PROBLEM >> Could you please transcribe the data exactly, without the pictures?

MATERIAL PROVIDED >>
-.-.-

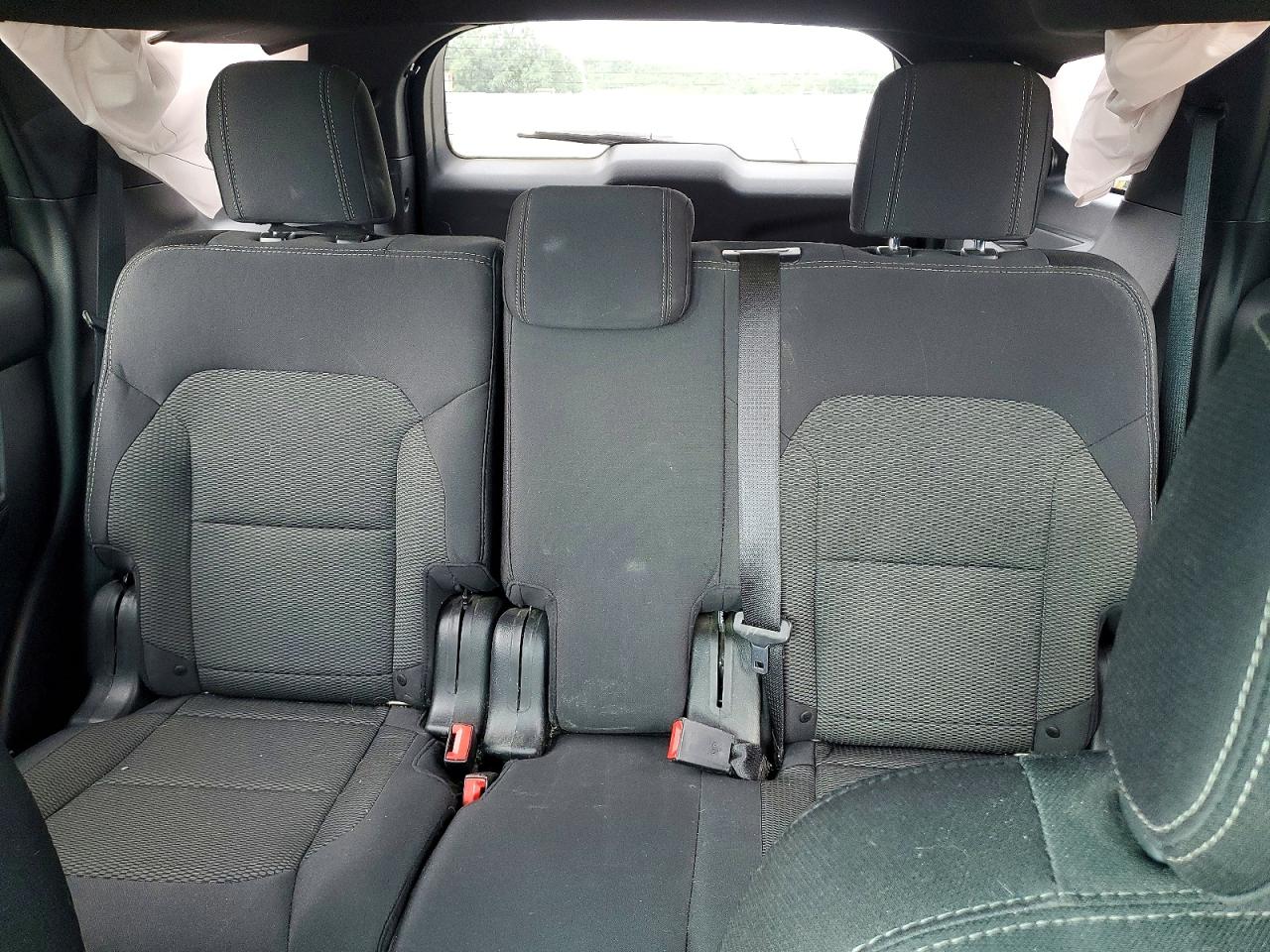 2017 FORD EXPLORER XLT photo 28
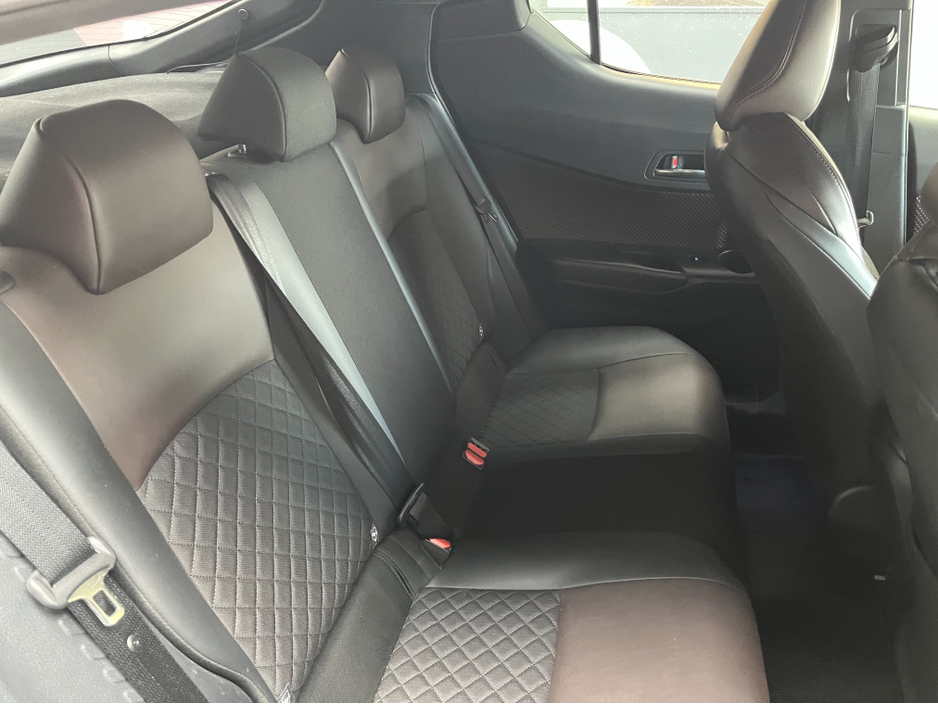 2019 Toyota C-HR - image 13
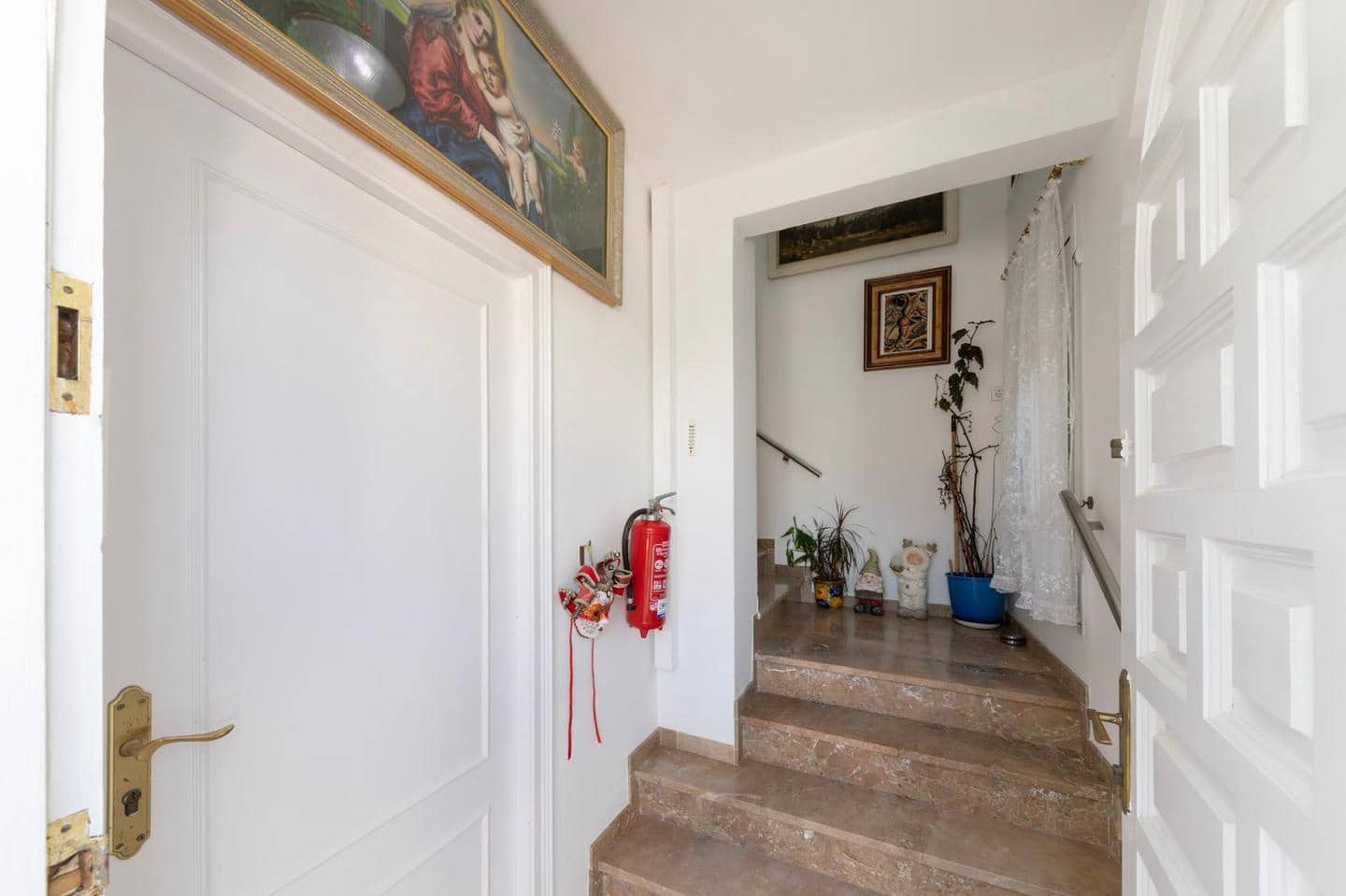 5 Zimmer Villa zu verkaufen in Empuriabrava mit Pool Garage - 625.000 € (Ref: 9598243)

-.-.-

SOLUTION TO THIS EXERCISE >>
 2017 FORD EXPLORER XLT photo 28
 2019 Toyota C-HR - image 13
 5 Zimmer Villa zu verkaufen in Empuriabrava mit Pool Garage - 625.000 € (Ref: 9598243)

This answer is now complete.